THEOREM ( Banach contraction principle). Let $(Y,d)$ be a complete metric space and $F:Y\to Y$ be contractive . Then $F$ has a uniqe fixed point $u$, and $F^n(y)\to u$ for each $y\in Y$.

This statement is from the excellent book Fixed Point Theory written by Andrzej Granas and James Dugundji. In this book several generalizations of this theorem are given. Several of them are to relax the hypothesis of classic contraction to another contraction hypothesis that is weaker. For example, $d(F (x) ,F (y)) \le \phi(d (x, y))$ for all $x,y\in Y$ with $ \lim_{n \to \infty}\phi^n (d (x, y )) = 0$ ( see p. 15).

QUESTION Let $ (M, d) $ be a complete metric space and $ (M\times M, \mathcal{M}\otimes\mathcal{M}, \mu) $ be a probability space. Suppose that $F:M\to M$ is continuous and a.s. contractive i.e. there is a $0<\lambda<1$ such that $$ \mu\left\{ (x,y) :\quad d(F (x) ,F (y)) \le \lambda \cdot d(x, y)\quad \right\}=1. $$ So is there a counterexample to the claim that $ F $ has a unique fixed point? If not, a reference in the form of a book that treats the subject would be well accepted answer.

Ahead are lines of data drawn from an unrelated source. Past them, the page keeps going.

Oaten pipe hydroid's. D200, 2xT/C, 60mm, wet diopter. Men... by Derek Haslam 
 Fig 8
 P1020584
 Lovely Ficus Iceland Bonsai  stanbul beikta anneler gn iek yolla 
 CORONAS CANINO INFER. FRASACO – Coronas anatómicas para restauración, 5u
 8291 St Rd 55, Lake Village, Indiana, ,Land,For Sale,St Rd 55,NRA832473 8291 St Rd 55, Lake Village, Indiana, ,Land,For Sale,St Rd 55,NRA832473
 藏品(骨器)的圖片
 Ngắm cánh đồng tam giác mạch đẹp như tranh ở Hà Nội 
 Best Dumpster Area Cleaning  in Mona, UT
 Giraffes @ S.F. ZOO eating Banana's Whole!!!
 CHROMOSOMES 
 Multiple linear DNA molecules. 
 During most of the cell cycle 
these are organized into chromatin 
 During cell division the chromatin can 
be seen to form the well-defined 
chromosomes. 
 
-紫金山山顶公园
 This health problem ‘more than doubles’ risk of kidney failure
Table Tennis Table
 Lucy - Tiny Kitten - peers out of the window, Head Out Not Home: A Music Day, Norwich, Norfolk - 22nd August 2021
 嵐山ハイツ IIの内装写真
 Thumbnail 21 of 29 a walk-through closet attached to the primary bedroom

My attempt. Let $\delta_{(x, y)} $ the measure of Dirac concentrated in $ (x, y) $. The above question has a positive answer to the dirac measure (equivalent to the deterministic case). I have tried to prove my assertion probability measures of the form $$ \mu=\dfrac{1}{1+\epsilon}\left(\delta_{(x,y)}+\epsilon\cdot \nu \right) $$ for a $ \epsilon>0 $ small enough and any probability measure $\nu$ on $(M\times M, \mathcal{M}\otimes\mathcal{M})$.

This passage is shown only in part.